Ce qui ressort de ces quelques statistiques, c'est que Lanctôt et Laure
(malgré un soubresaut pour le dernier long métrage de la première)
tournent en gros pour les mêmes 5000 personnes depuis des années. Ces
5000 personnes sont sans doute reliées de près ou de loin aux deux dames
– ou bien elles oeuvrent dans le milieu culturel, ou bien elles font
parties de leurs familles et relations plus ou moins rapprochées. En fait, vous et
moi subventionnons les soirées de cinéma d'un club très restreint de
personnes qui auraient sans doute les moyens de financer ces films.
Comment se fait-il qu'année après année des cinéastes qui sont
manifestement incapables d'attirer les foules reçoivent du financement
pour tourner? Il faut voir le nombre de films québécois sur le site
filmsquebec.com qui n'attirent que quelques centaines de personnes par
année (voire même, quelques dizaines!).
Mais on nous répète dans les milieux intello et culturel que les entrées
au box office ne veulent rien dire.
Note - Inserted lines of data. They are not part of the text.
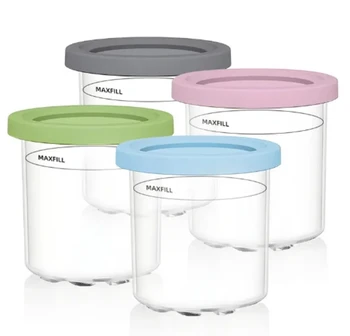 4-Piece Ninja Series Leak-Proof Ice Cream Maker NC299AM C300s Containers Plastic Jars with Lids for Ice Cream Tubs Pints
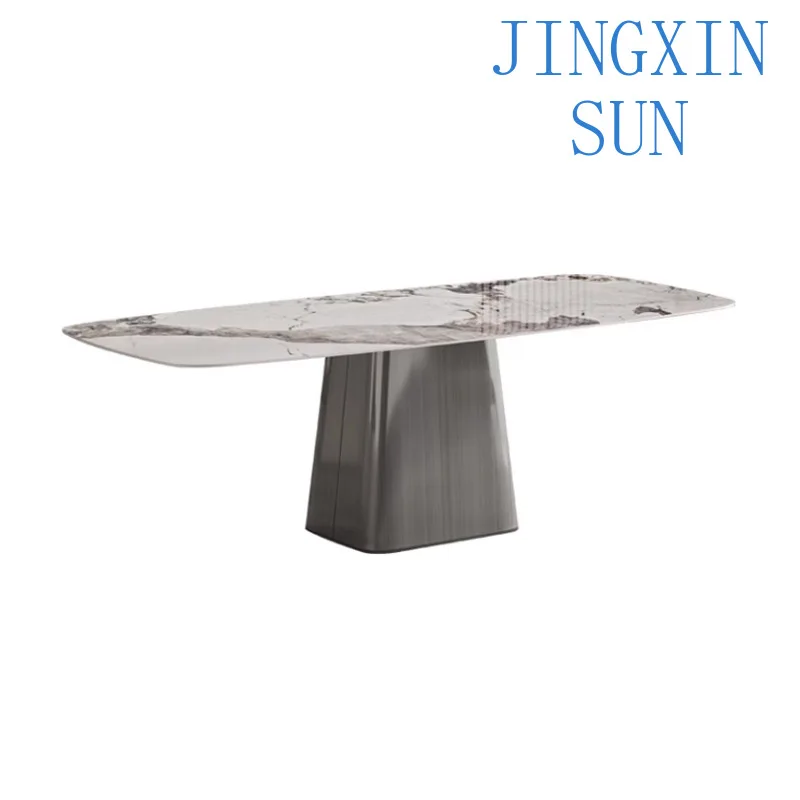 bright rock slab rectangular dining table and chair combination household small apartment modern light luxury simple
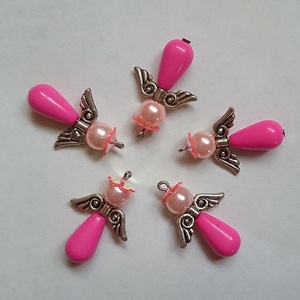  Rózsaszín angyal csomag pink 5 db csomag, Esküvő, Emlék & Ajándék, Köszönőajándék, Ékszerkészítés, MESKA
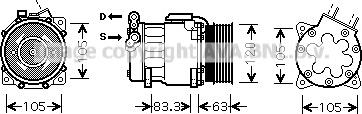 Prasco PEAK306 - Compressor, air conditioning autospares.lv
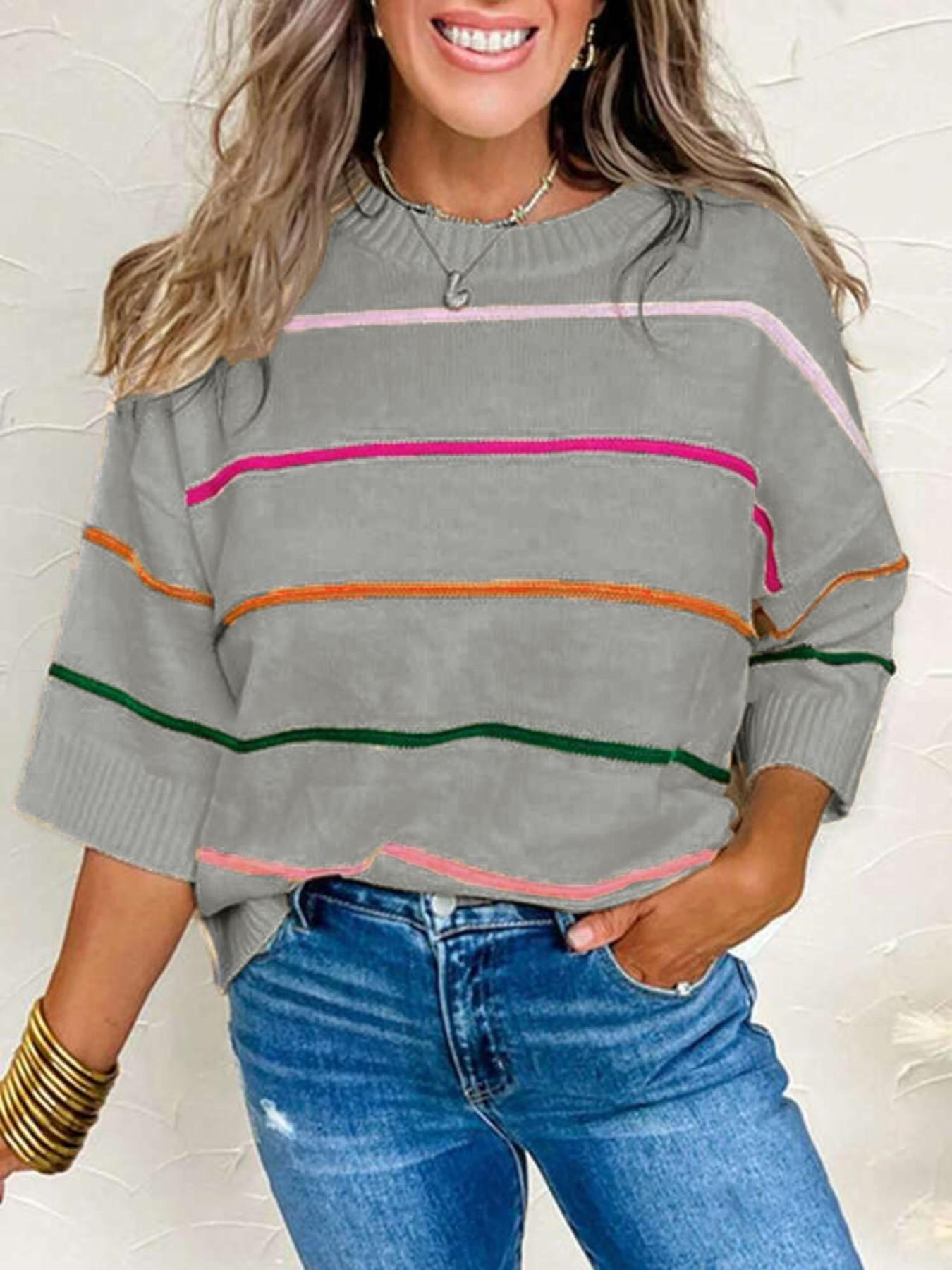 Women's Striped Print Sweater, Casual Short Sleeve Round Neck Jumper for Daily Wear, Ladies Knitwear for Spring & Fall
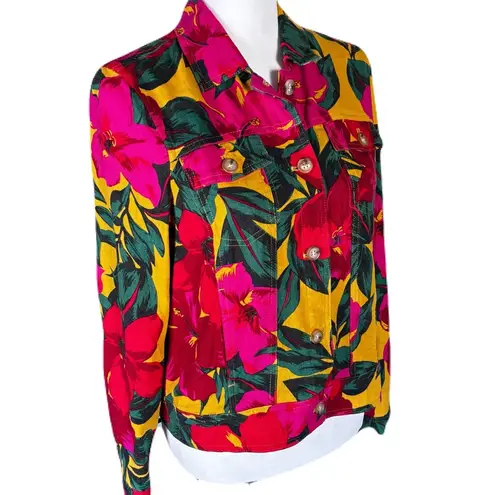 Tahari Floral Multicolor Linen Blend Jacket | EUC | Size Small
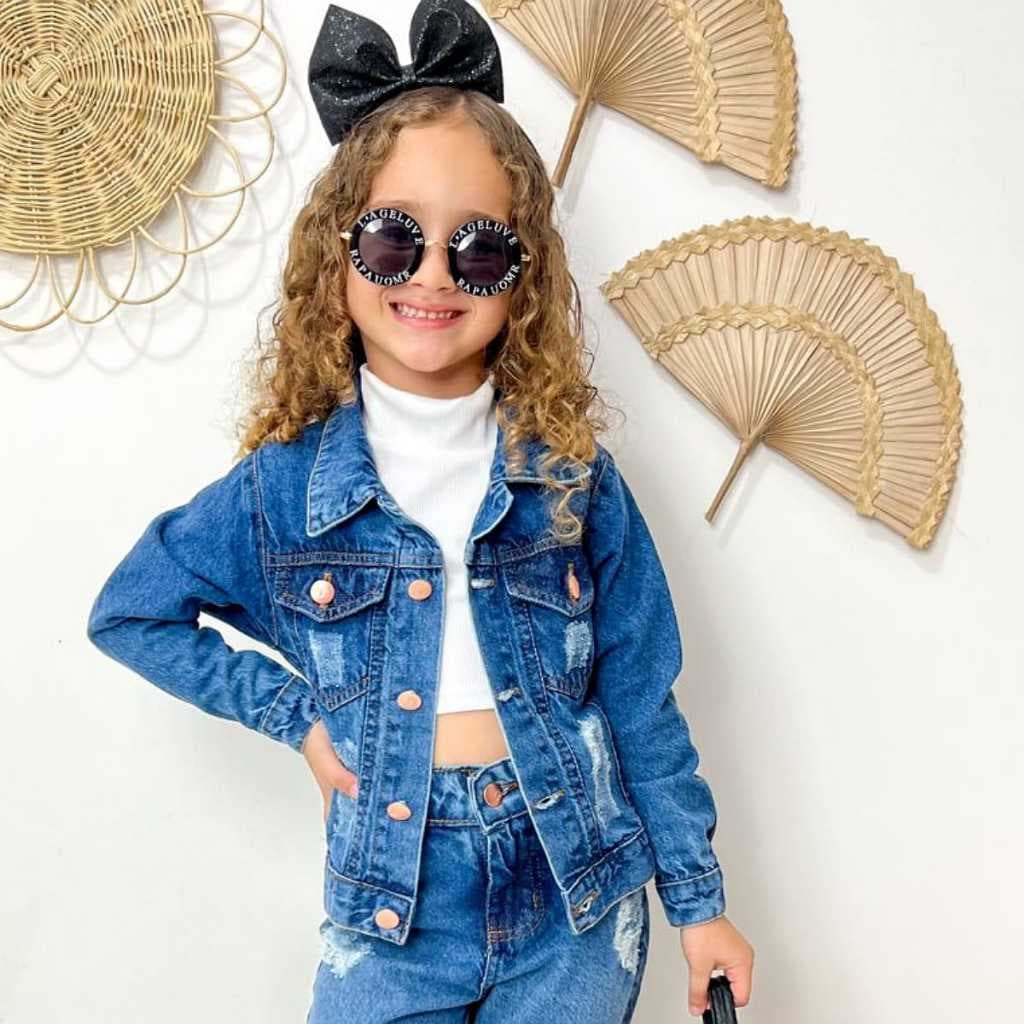 Jaqueta Jeans  Infantil Menina Feminina Destroend   Casaco Blusa de Frio 4 AO 12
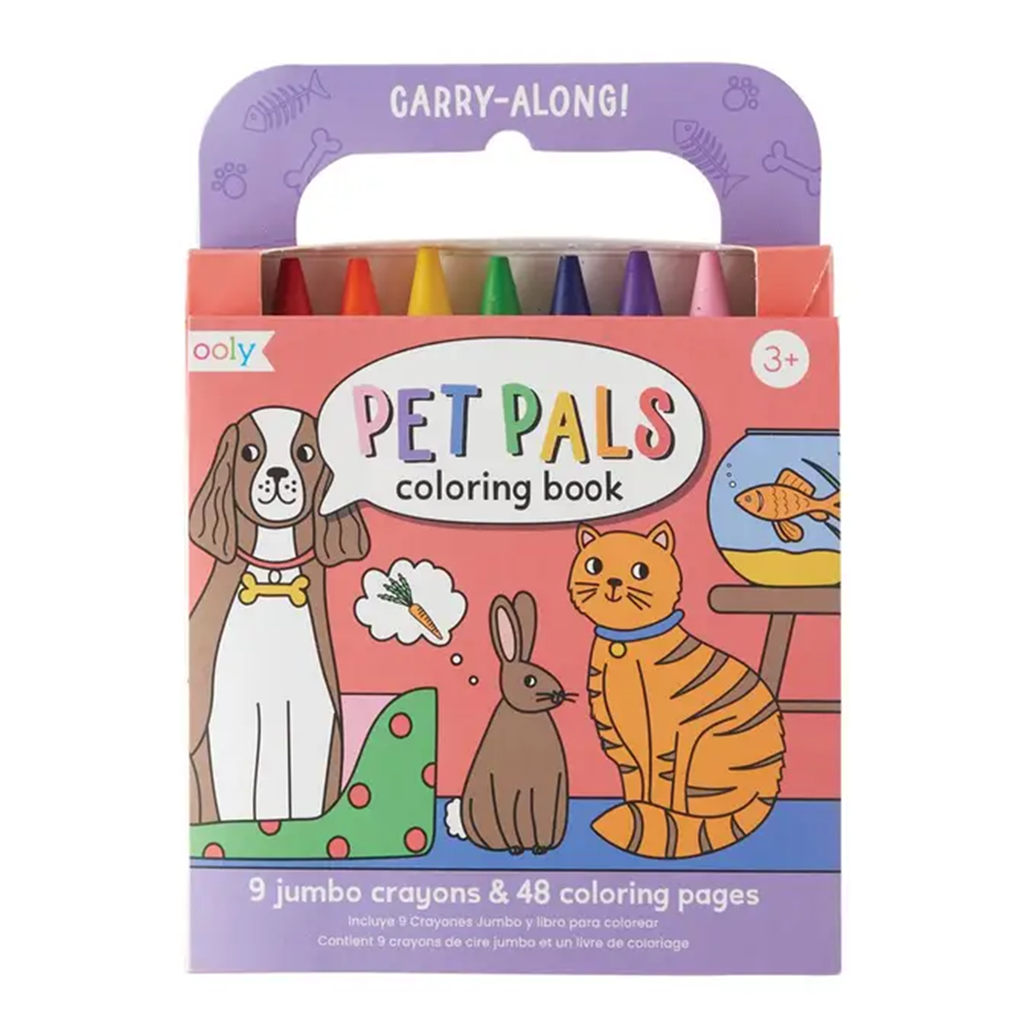 Pet Pals coloring book with crayons and illustrations of a dog, cat, and rabbit.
Qu'elles ne reflètent en rien la
qualité d'une oeuvre ou son importance dans le paysage culturel d'un
pays ou d'une province. Je veux bien, mais si personne ne consomme une
culture, est-ce que cette culture est vraiment pertinente?! Tant
qu'à cela, pourquoi ne pas donner des fonds aux artistes pour qu'ils se
contentent d'exister?!
Le financement public de la culture au Québec me fait souvent penser à
un programme de création d'emploi à l'aide duquel on paierait de petits
groupes de personnes pour qu'ils creusent des trous pour ensuite les
remplir. Personne ne porte vraiment attention à eux, mais année après
année, le programme de creusage/remplissage de trous est renouvelé. Et
plein d'artistes font des trucs que personne n'écoute, personne ne
lit, personne ne regarde.
L'avenir du financement
Il est sans doute trop tard pour Lanctôt et Laure, mais les jeunes
cinéastes devraient s'inspirer de leur collègue David La Haye. Le
comédien-réalisateur compte travailler sur
un projet de film qu'il financera à l'aide du réseau de
socio-financement Haricot. « On veut utiliser cette nouvelle dynamique de
financement qu'on connaît avec des sites comme touscoprod.com et
kickstarter.com aux États-Unis, dit-il. On parle d'une crise du
financement au cinéma québécois. À cela, je réponds aux gens de se
donner le film qu'ils veulent voir en participant à un effort
volontaire. »
Bravo! Vous voulez faire de petits films intimistes qui mettent en
vedette des sans-abri ou des artistes paumés du Plateau qui se
questionnent sur le sens de leur vie, rien contre ça. J'irai même les
voir, s'ils m'intéressent. Mais de grâce, ne me demandez pas de les
financer! Faites comme La Haye et autofinancez-vous! Internet vous rend
la tâche super facile avec, notamment, les réseaux de socio-financement.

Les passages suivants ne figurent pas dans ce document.